As part of my challenge to get to 100K invested, my portfolio has undergone quite a heavy re-shaping this year. Whether or not I manage to meet my goal, the challenge has been great for me. It has forced me to be a lot more involved in my financial situation and to evaluate all the positions in my portfolio.
For the last few months, I have been debating what to do with the gold. Should I keep it as a hedge against a potential market crash? Or should I liquidate and put it into the market? I could never quite decide what to do with the gold, until recently.
So what changed?
Gold does not pay interest
A few weeks ago, I came across this article by Tom Redmayne. In it, Tom mentions: “Gold has never worked a day in its life, it has just sat around for three billion years. It does not compound, it does not produce anything. It just sits around being scarce.” Such a simple statement, and yet, so true.
Of course, I knew that gold does not produce interest, but I had never explicitly thought about it I guess. Reading this article really made me think about it, and it made me put this investment into context to my goals.
My overall financial goal is to build up different passive income streams. I want my money working for me while I sleep. This is why I invest in real estate (hello, rent!) and ETFs (hello, dividends!). Finding out that it is possible to earn interest on your crypto was also one of the big motivators that got me interested in that space.
Gold, however, as Tom so brilliantly put it, has never worked a day in its life. As I am still in the accumulation phase of my financial journey, I want to hold assets that work for me. Sorry gold, but that is not you!
Simplifying my portfolio
Another factor that convinced me to sell my gold was portfolio simplification. After selling down parts of the position to take profits last year, gold represented only 1% of my portfolio.
I felt like I would either need to increase that position to make it more meaningful, or divest. Quite frankly, holding such a small position of anything is not worth the mental overhead and is extremely unlikely to make or break my financial fortune.
When in doubt, I like to follow the KISS principle.
Selling such a small position definitely makes my portfolio simpler for the future. I still have a few small positions that I need to decide what to do with (increase? divest?), but at least it is one less now.
Was gold a bad investment for me?
The good news is: I’m not actually down with my gold investment, and I think that is psychologically important. By selling now, I lock in a small profit and free up cash to invest elsewhere.

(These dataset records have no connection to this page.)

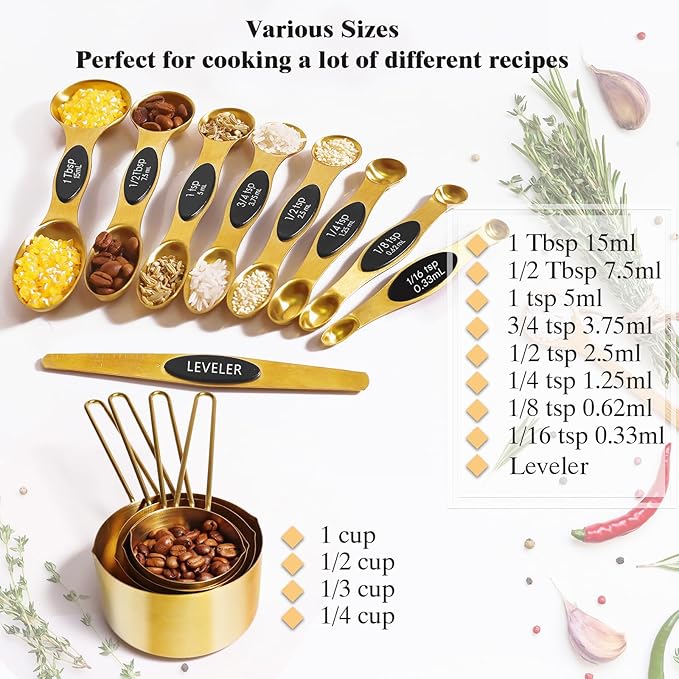 13pcs Gold Stainless Steel Measuring Cups and Spoons Set, Including 8 Double-Sided Magnetic Measuring Spoons Set & 1 Leveler, 4 Metal Measuring Cups, Kitchen Accessroies for Cooking & Baking
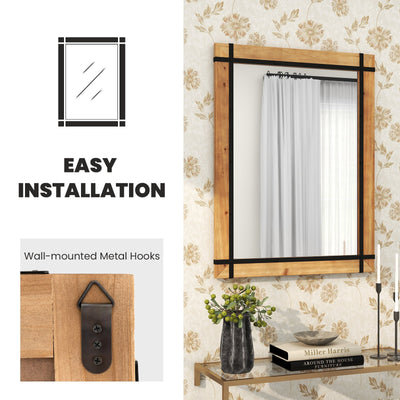 30 x 40 Inch Wall Mounted Mirror with Fir Wood Frame-Natural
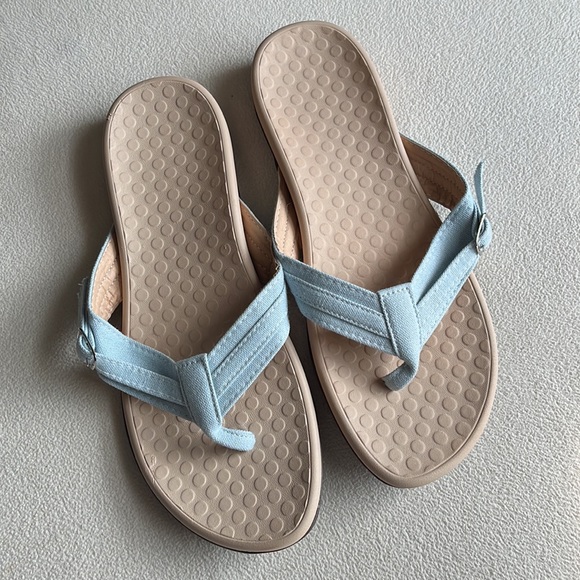 New No brand, bought as vionic; they aren’t, baby blue canvas thong sandals 8. - Picture 3 of 4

The opportunity cost of holding gold throughout this year has been high, as gold decreased in value while the stock and crypto markets roared. However, last year I made a nice profit on my investment of gold, and I did actually take that profit.
Remember: Paper gains mean nothing! It’s not a loss until you sell, but it’s not a profit until you sell either.
So overall, it’s a bit of a mixed bag. As is often the case, this probably was not the best investment I could have made, but I would not consider it a bad investment either. Overall, I’m still happy with how this turned out, but it’s time for me to move on.
What will I do with the money?
As is the case with all of my investments, I consider any money that I have invested to be gone. That means it cannot be spent, it can only be re-allocated. So that is exactly what I will do with the proceeds from the sale of gold.
To be precise, I will be putting 50% of the proceeds into crypto and 50% into ETFs. Step by step, that brings me closer to meeting my challenge of getting to 100K invested by the end of the year.
Bottom line on my gold investment
It’s bye bye gold for now! Maybe we’ll meet again in the future. Once I’m past the accumulation phase, I can definitely see an argument for holding a larger share of gold as some form of insurance against a stock market crash. Right now, it doesn’t really fit for me though.